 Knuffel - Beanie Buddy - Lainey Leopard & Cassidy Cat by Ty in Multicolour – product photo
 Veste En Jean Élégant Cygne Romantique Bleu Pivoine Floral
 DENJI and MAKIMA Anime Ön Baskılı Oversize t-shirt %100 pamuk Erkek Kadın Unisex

▬▬▬▬▬▬

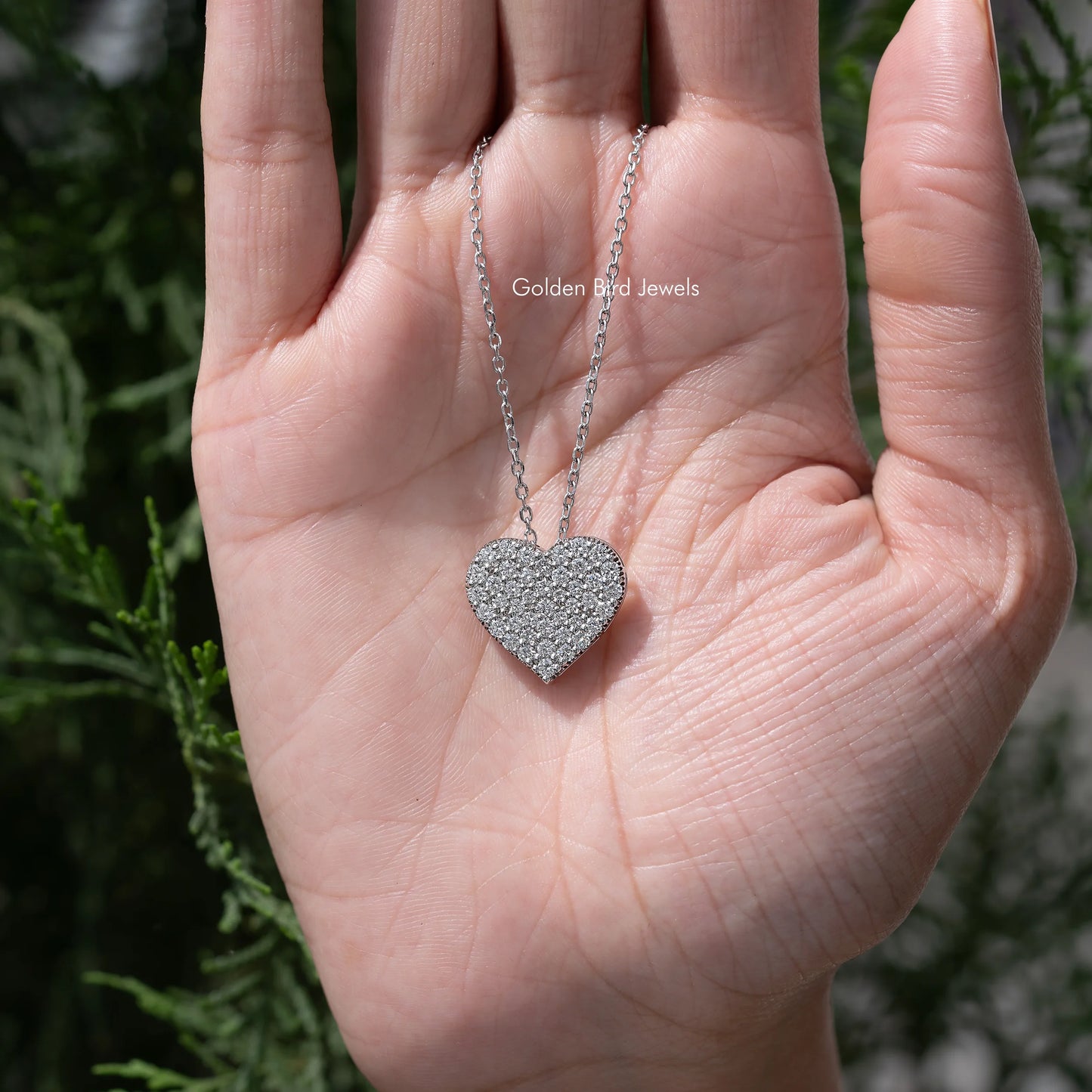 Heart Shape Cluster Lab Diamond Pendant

▬▬▬▬▬▬

## Exercise
Could you reproduce exactly the lines of the entries above, from the one with "Veste En Jean" through the one with "DENJI and MAKIMA", and nothing else?

## Reply to the task
 Veste En Jean Élégant Cygne Romantique Bleu Pivoine Floral
 DENJI and MAKIMA Anime Ön Baskılı Oversize t-shirt %100 pamuk Erkek Kadın Unisex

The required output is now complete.